BEGIN

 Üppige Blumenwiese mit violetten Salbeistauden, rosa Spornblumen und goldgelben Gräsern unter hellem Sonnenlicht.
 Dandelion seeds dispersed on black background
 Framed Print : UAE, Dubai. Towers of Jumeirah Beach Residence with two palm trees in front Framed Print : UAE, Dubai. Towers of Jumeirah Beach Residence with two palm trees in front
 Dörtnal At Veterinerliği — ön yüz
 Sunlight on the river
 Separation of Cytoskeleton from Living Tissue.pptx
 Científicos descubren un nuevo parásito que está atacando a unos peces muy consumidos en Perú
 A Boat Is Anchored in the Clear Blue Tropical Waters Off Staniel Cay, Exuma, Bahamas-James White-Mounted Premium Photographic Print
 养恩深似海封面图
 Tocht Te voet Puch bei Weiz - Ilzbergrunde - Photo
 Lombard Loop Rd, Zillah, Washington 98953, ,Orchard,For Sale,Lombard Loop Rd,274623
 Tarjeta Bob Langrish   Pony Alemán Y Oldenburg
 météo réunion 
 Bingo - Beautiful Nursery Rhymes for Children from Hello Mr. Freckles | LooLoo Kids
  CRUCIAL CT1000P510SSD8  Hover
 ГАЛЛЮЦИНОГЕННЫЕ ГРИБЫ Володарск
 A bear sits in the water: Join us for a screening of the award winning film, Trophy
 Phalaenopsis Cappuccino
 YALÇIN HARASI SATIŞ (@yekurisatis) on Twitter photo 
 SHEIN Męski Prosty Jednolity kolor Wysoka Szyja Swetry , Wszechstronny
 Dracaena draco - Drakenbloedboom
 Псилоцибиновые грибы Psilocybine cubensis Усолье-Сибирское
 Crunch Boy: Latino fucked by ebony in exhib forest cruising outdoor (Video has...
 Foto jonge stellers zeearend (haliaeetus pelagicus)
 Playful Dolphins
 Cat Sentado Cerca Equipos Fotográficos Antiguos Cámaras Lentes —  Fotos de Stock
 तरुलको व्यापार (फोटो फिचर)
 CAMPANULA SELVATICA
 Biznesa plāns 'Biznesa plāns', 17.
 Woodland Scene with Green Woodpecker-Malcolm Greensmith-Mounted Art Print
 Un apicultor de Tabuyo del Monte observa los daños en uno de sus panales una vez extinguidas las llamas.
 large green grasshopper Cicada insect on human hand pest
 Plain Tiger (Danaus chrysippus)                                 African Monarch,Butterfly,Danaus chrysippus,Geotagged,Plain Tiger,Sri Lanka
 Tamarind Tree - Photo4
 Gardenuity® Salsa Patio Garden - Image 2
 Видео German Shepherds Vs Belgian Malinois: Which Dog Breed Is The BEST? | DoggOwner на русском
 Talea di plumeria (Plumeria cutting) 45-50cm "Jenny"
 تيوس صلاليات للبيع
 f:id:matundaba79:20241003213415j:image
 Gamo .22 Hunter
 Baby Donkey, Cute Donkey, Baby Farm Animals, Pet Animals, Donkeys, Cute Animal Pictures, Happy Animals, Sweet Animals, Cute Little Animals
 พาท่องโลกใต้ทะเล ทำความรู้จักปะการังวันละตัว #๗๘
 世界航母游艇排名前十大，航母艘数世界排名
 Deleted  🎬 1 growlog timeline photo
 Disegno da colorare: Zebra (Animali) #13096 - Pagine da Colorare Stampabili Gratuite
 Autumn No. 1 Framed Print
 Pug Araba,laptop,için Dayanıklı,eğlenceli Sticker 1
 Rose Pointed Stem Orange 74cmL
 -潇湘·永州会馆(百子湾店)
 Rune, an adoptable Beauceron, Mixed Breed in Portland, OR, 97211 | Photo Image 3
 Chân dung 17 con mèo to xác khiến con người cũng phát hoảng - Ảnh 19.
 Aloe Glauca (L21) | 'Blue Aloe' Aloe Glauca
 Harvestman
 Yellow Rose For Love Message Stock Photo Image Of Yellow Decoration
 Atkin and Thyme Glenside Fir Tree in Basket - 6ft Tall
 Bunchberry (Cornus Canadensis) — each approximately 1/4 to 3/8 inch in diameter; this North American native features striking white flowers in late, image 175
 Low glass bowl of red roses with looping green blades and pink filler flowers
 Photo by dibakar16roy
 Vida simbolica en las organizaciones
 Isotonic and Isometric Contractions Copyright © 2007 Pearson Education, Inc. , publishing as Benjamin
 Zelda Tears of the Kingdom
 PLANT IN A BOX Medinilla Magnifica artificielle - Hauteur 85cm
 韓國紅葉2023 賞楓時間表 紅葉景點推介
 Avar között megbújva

END

Return the whole listing exactly, with every line included.

 Üppige Blumenwiese mit violetten Salbeistauden, rosa Spornblumen und goldgelben Gräsern unter hellem Sonnenlicht.
 Dandelion seeds dispersed on black background
 Framed Print : UAE, Dubai. Towers of Jumeirah Beach Residence with two palm trees in front Framed Print : UAE, Dubai. Towers of Jumeirah Beach Residence with two palm trees in front
 Dörtnal At Veterinerliği — ön yüz
 Sunlight on the river
 Separation of Cytoskeleton from Living Tissue.pptx
 Científicos descubren un nuevo parásito que está atacando a unos peces muy consumidos en Perú
 A Boat Is Anchored in the Clear Blue Tropical Waters Off Staniel Cay, Exuma, Bahamas-James White-Mounted Premium Photographic Print
 养恩深似海封面图
 Tocht Te voet Puch bei Weiz - Ilzbergrunde - Photo
 Lombard Loop Rd, Zillah, Washington 98953, ,Orchard,For Sale,Lombard Loop Rd,274623
 Tarjeta Bob Langrish   Pony Alemán Y Oldenburg
 météo réunion 
 Bingo - Beautiful Nursery Rhymes for Children from Hello Mr. Freckles | LooLoo Kids
  CRUCIAL CT1000P510SSD8  Hover
 ГАЛЛЮЦИНОГЕННЫЕ ГРИБЫ Володарск
 A bear sits in the water: Join us for a screening of the award winning film, Trophy
 Phalaenopsis Cappuccino
 YALÇIN HARASI SATIŞ (@yekurisatis) on Twitter photo 
 SHEIN Męski Prosty Jednolity kolor Wysoka Szyja Swetry , Wszechstronny
 Dracaena draco - Drakenbloedboom
 Псилоцибиновые грибы Psilocybine cubensis Усолье-Сибирское
 Crunch Boy: Latino fucked by ebony in exhib forest cruising outdoor (Video has...
 Foto jonge stellers zeearend (haliaeetus pelagicus)
 Playful Dolphins
 Cat Sentado Cerca Equipos Fotográficos Antiguos Cámaras Lentes —  Fotos de Stock
 तरुलको व्यापार (फोटो फिचर)
 CAMPANULA SELVATICA
 Biznesa plāns 'Biznesa plāns', 17.
 Woodland Scene with Green Woodpecker-Malcolm Greensmith-Mounted Art Print
 Un apicultor de Tabuyo del Monte observa los daños en uno de sus panales una vez extinguidas las llamas.
 large green grasshopper Cicada insect on human hand pest
 Plain Tiger (Danaus chrysippus)                                 African Monarch,Butterfly,Danaus chrysippus,Geotagged,Plain Tiger,Sri Lanka
 Tamarind Tree - Photo4
 Gardenuity® Salsa Patio Garden - Image 2
 Видео German Shepherds Vs Belgian Malinois: Which Dog Breed Is The BEST? | DoggOwner на русском
 Talea di plumeria (Plumeria cutting) 45-50cm "Jenny"
 تيوس صلاليات للبيع
 f:id:matundaba79:20241003213415j:image
 Gamo .22 Hunter
 Baby Donkey, Cute Donkey, Baby Farm Animals, Pet Animals, Donkeys, Cute Animal Pictures, Happy Animals, Sweet Animals, Cute Little Animals
 พาท่องโลกใต้ทะเล ทำความรู้จักปะการังวันละตัว #๗๘
 世界航母游艇排名前十大，航母艘数世界排名
 Deleted  🎬 1 growlog timeline photo
 Disegno da colorare: Zebra (Animali) #13096 - Pagine da Colorare Stampabili Gratuite
 Autumn No. 1 Framed Print
 Pug Araba,laptop,için Dayanıklı,eğlenceli Sticker 1
 Rose Pointed Stem Orange 74cmL
 -潇湘·永州会馆(百子湾店)
 Rune, an adoptable Beauceron, Mixed Breed in Portland, OR, 97211 | Photo Image 3
 Chân dung 17 con mèo to xác khiến con người cũng phát hoảng - Ảnh 19.
 Aloe Glauca (L21) | 'Blue Aloe' Aloe Glauca
 Harvestman
 Yellow Rose For Love Message Stock Photo Image Of Yellow Decoration
 Atkin and Thyme Glenside Fir Tree in Basket - 6ft Tall
 Bunchberry (Cornus Canadensis) — each approximately 1/4 to 3/8 inch in diameter; this North American native features striking white flowers in late, image 175
 Low glass bowl of red roses with looping green blades and pink filler flowers
 Photo by dibakar16roy
 Vida simbolica en las organizaciones
 Isotonic and Isometric Contractions Copyright © 2007 Pearson Education, Inc. , publishing as Benjamin
 Zelda Tears of the Kingdom
 PLANT IN A BOX Medinilla Magnifica artificielle - Hauteur 85cm
 韓國紅葉2023 賞楓時間表 紅葉景點推介
 Avar között megbújva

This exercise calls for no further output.